The Sigma fp is the company’s first camera to move away from Foveon sensors, and use a back-illuminated 24.6MP Bayer sensor (allowing Sigma to develop the fp more conventionally, for speed, AF, and video). There is little that is conventional about the fp, though. Essentially, in my mind, there are three related sets of features of the fp that define the camera, and its potential user.
First, size, weight, modular design, and build. It is the smallest and lightest (422g with the battery) full frame body yet. Made of aluminium alloy for strength and heat conduction, the camera is highly weather resistant, and feels extremely sturdy. With appropriately weather-sealed lenses, the camera can withstand shooting in light rain or sandstorms. A large heat sink with vents separates the body and the LCD panel, with a coating that aids heat conduction, for long continuous videos (up to two hours).

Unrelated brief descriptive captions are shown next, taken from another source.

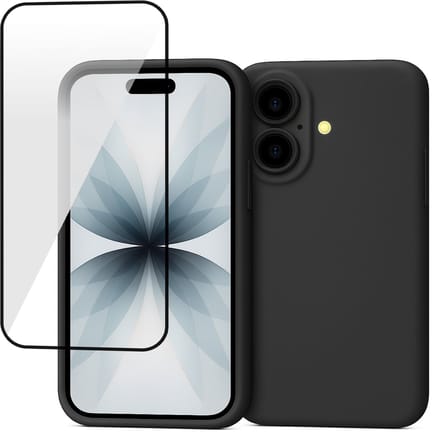 Hoesje geschikt voor iPhone 17 - Screenprotector Volledig Dekkend Glas - Mat Back Case Zwart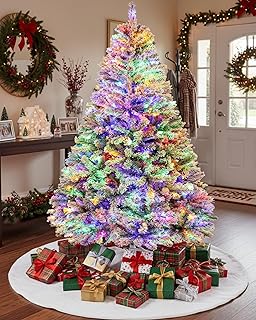 180cm Künstlicher Weihnachtsbaum mit Schnee & 250 RGB LED Beleuchtung,1000 Spitzen, Naturgetreu Tannenbaum mit Klappsystem & Metallständer, Schnellaufbau Christbaum für Weihnachtsdeko,Weiß - Super Angebot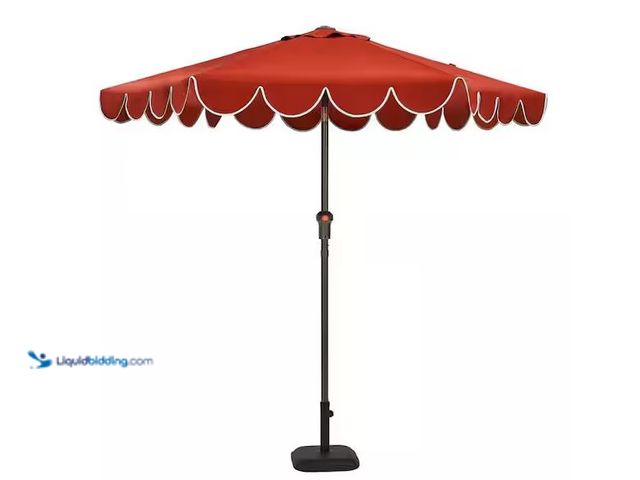 Lot 49-5555346 - Hampton Bay
7.5 ft. Steel and Aluminum Market Crank and Tilt Patio Umbrella in Chili with Scallop T...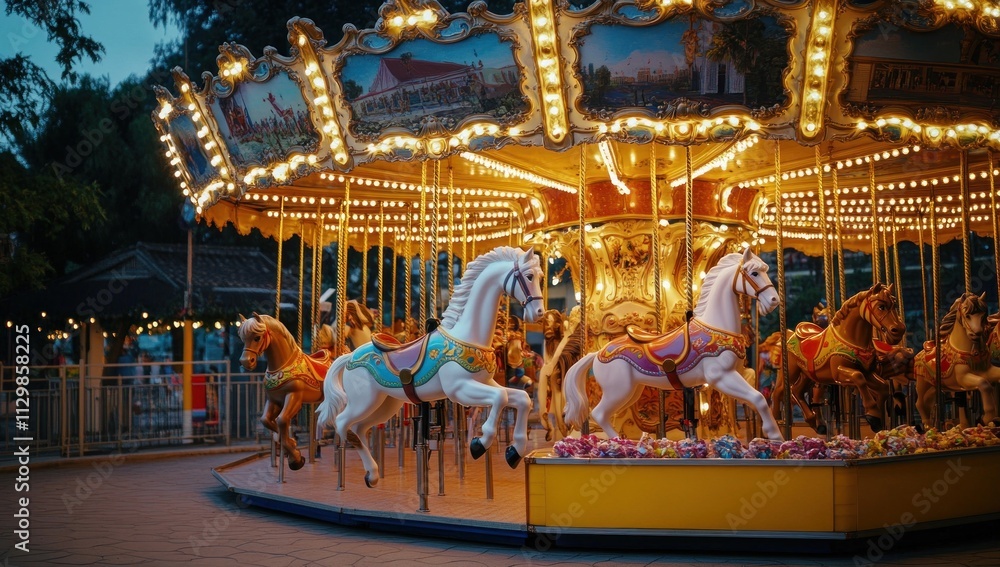 Carousel Horses Under Evening Lights Carousel Horses Under Evening Lights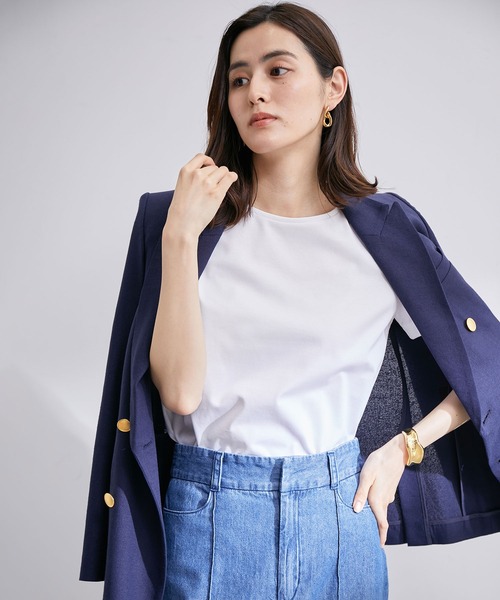 ROPE'(ロペ)の「スーピマコットンTEE(Tシャツ/カットソー・レディース・ホワイト・38)」の4枚目の写真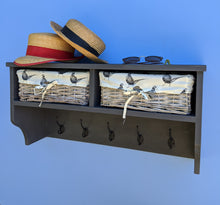 Load image into Gallery viewer, Coat rack with cotton lined wicker basket - FurniturefromtheOaks
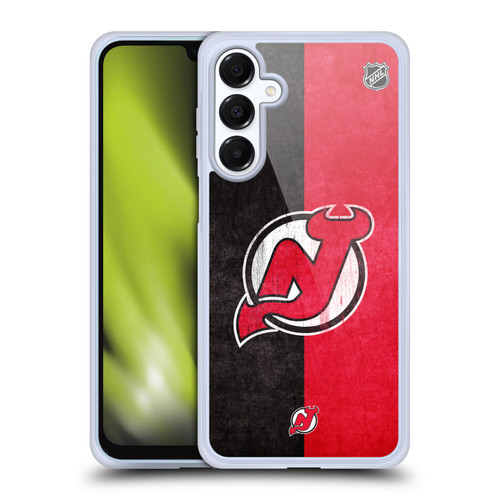 NHL New Jersey Devils Half Distressed Soft Gel Case for Samsung Galaxy A16 5G & MagSafe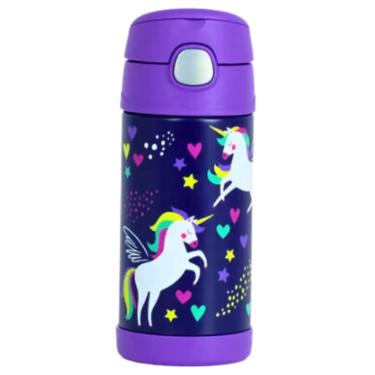 Imagem de Garrafa Térmica Infantil c/ Canudo Silicone Thermos ®  Funtainer Unicórnio 355ML Isolamento a Vácuo  - Thermos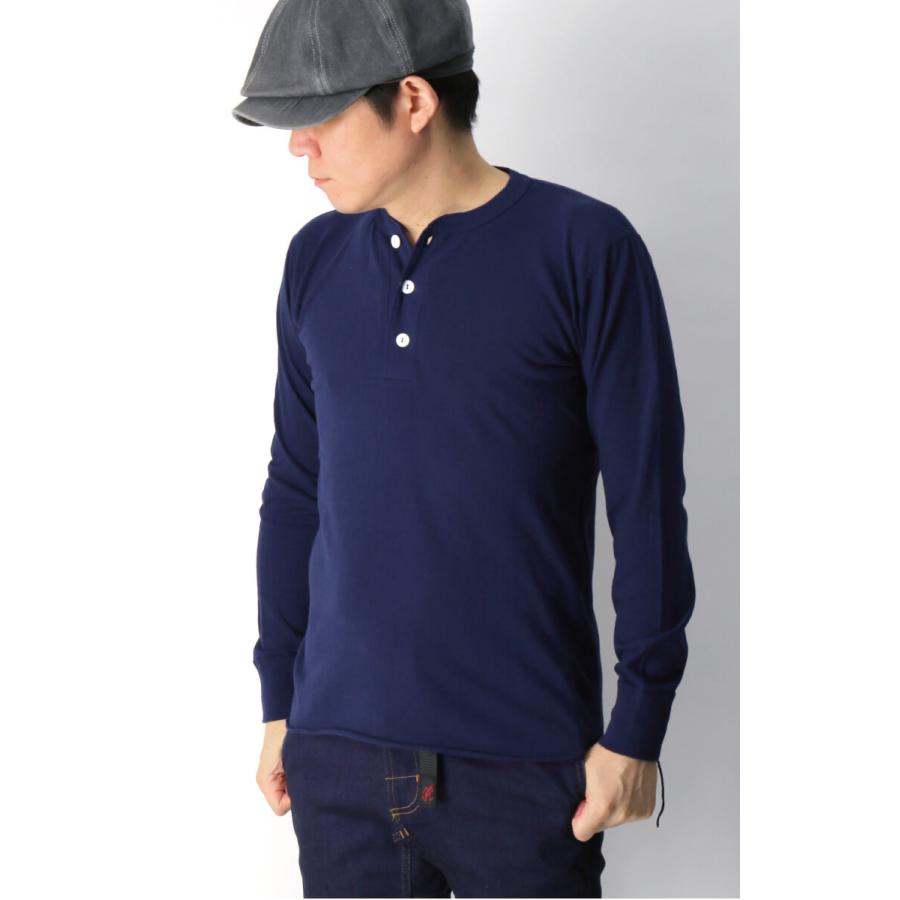 Healthknit (ヘルスニット) ヘンリー ネック ロングスリーブ T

The body of the fp acts to dissipate heat.
The brick-like fp is also fantastically modular, with three tripod sockets (one on each side) on which screws the camera strap lugs, or dedicated accessories like the flash mount module (included with the camera), a variety of grips, the viewfinder (that fits over the fp’s LCD, cutting light and magnifying by 2.5x), along with a baseplate with a 3/8-inch thread (all made by Sigma), or a cine cage by independent manufacturers. This is a camera built for accessories.

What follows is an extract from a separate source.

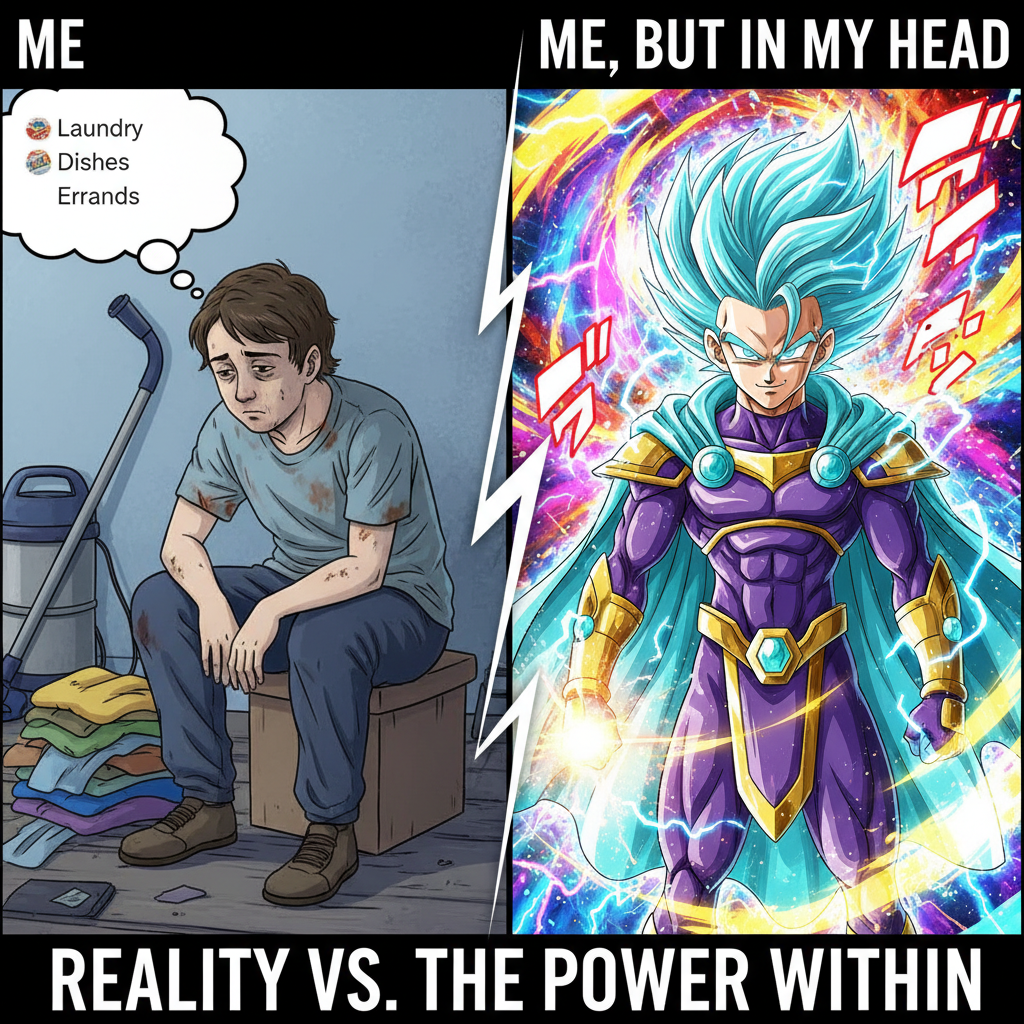 Me trying to adult vs. me in my head thinking I'm the main character of an anime.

Additionally available from Sigma is the PL-L adapter for cine lenses, or the EF-L for Canon’s EF-mount lenses to be converted to the native L-mount of the fp. The L-mount currently has 15 native lenses from Sigma, and 34 from both Leica and Panasonic.
Second. The sensor, shutter, and video capabilities. Most still photography features are all comfortably available in the fp, supported by a very versatile sensor—14-bit DNG, 18fps burst shooting (5fps with AF, buffer of 12 frames with RAW, after which it slows to about 1fps), an interval timer, various colour modes including HDR and Sigma’s Fill Light function, flash and exposure modes, seven different aspect ratios, and an exceptionally useful tone control for highlights and shadows, an ISO range of 100–25600 (uniquely expandable to ISO 6 at the low end). To maximise detail, there is no low pass filter. AF is contrast detect only, with no phase detect available, but capable of focus down to -5EV, and features Eye AF and Face Detection. The fp lacks in-body stabilisation.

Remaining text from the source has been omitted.